What you have to do -
The whole listing needs to be written out exactly, except for any images.

Dataset content -

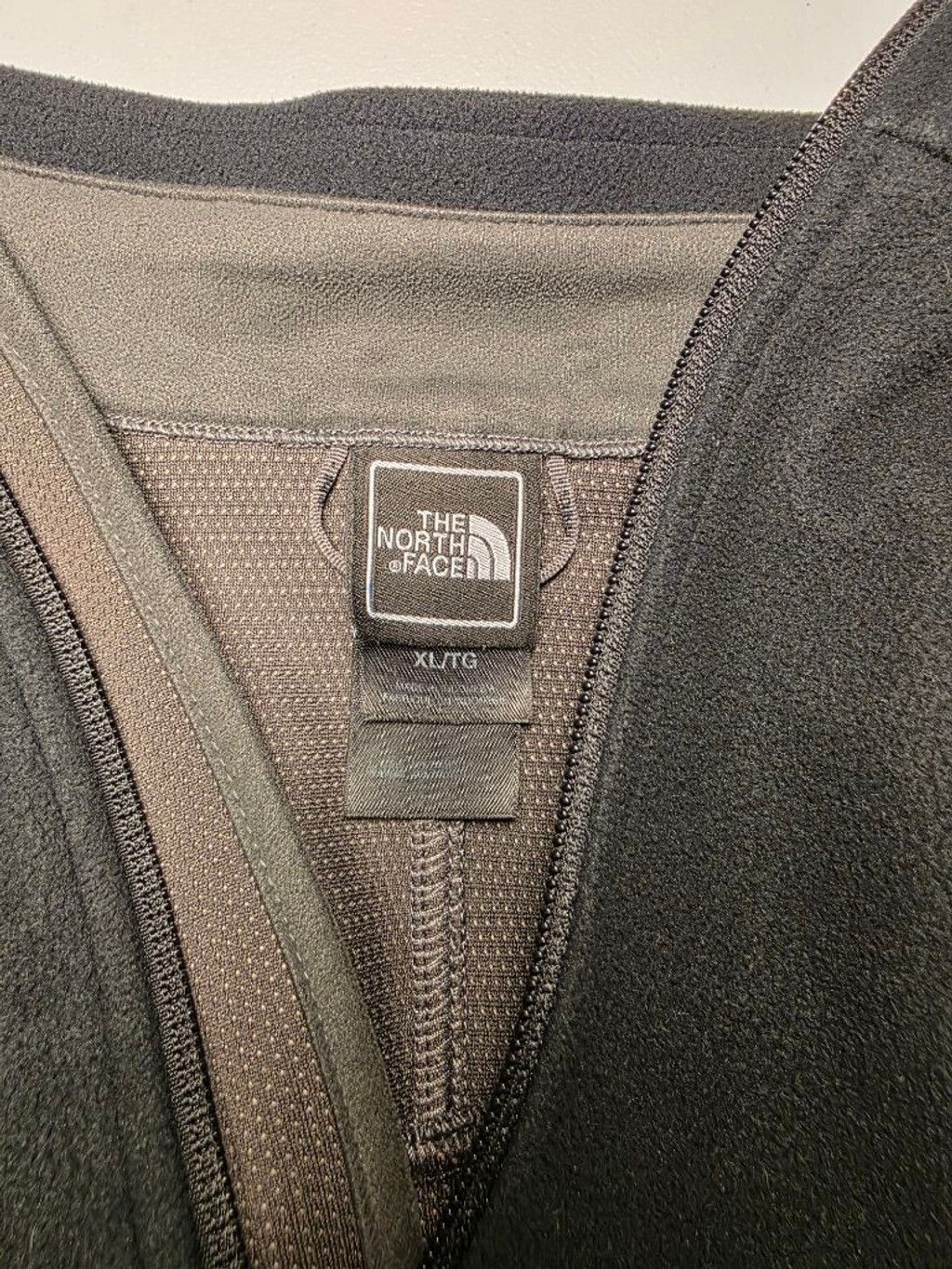 The North Face The North Face Black Full Zip Fleece Jacket Women's XL Cozy Size XL / US 12-14 / IT 48-50 - 5 Thumbnail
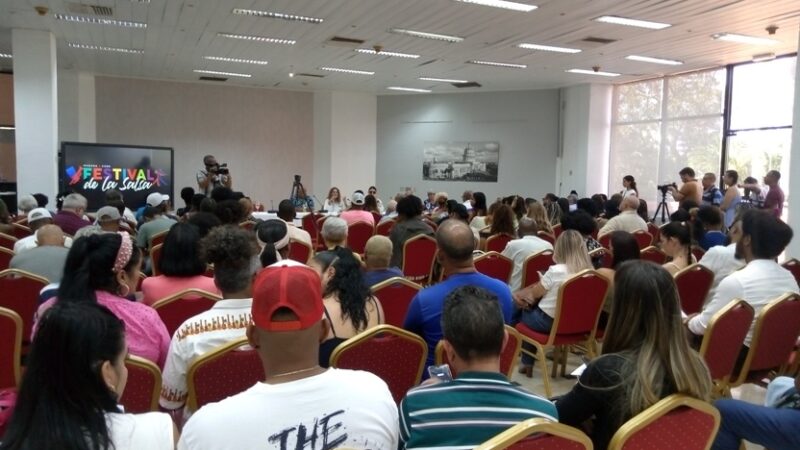 Anuncian en La Habana detalles sobre novena edición del Festival de la Salsa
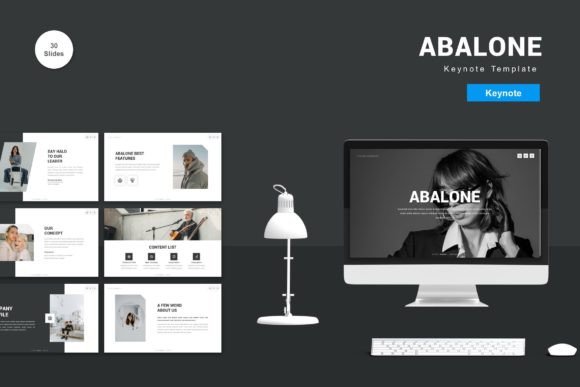 Abalone - Keynote Template: A Practical Guide for Professional Presentations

Output of the task -
 The North Face The North Face Black Full Zip Fleece Jacket Women's XL Cozy Size XL / US 12-14 / IT 48-50 - 5 Thumbnail
 Anuncian en La Habana detalles sobre novena edición del Festival de la Salsa
 Abalone - Keynote Template: A Practical Guide for Professional Presentations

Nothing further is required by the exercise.